Evolutionary Taxonomy - Origin of Evolutionary Taxonomy

Origin of Evolutionary Taxonomy

Evolutionary taxonomy arose as a result of Linnaean taxonomy being influenced by the theory of evolution. The idea of the Linnaean taxonomy as translating into a sort of dendrogram of the Animal- and Plant Kingdoms was formulated toward the end of the 18th century, well before the On the Origin of Species was published. Among early works exploring the idea of a transmutation of species was Erasmus Darwin's 1796 Zoönomia and Jean-Baptiste Lamarck's Philosophie Zoologique of 1809. The idea was popularised in the Anglophone world by the speculative, but widely read Vestiges of the Natural History of Creation, published anonymously by Robert Chambers in 1844.

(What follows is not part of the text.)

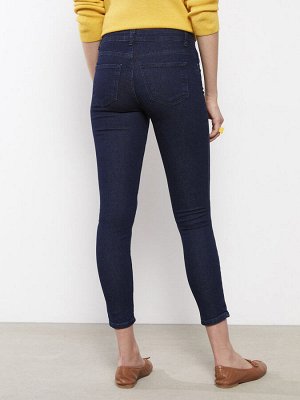 Женские джинсовые брюки скинни прямого кроя с карманами и деталями в стиле родео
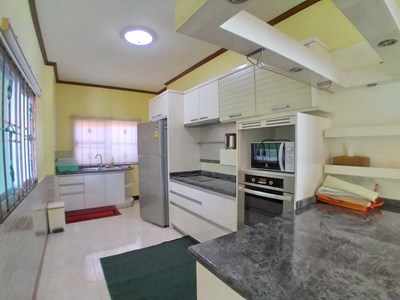 House for rent North Pattaya showing the kitchen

With Darwin's theory, this thought got a theoretical basis, and Tree of Life representations became popular in scientific works. Very limited knowledge of the fossil record at the time hindered the drawing of specific inferences about the ancestors of modern groups. Both in Vestiges of the Natural History of Creation and On the Origin of Species, the ancestor remained largely a hypothetical species, and Darwin was primarily occupied with showing the principle, and very carefully refrained from speculating on relationship between living or fossil organisms, using theoretical examples only.

One of the first fossil groups to be recognized was dinosaurs, formally named by Richard Owen in 1842. With Darwin's theory of evolution being known, Thomas Henry Huxley used the fossils of Archaeopteryx and Hesperornis to pronounce the birds descendants of the dinosaurs. Thus, a group of extant animals could be tied to a fossil group. The resulting description, that of dinosaurs "giving rise to" or being "the ancestors of" birds, is the essential hallmark of evolutionary taxonomic thinking.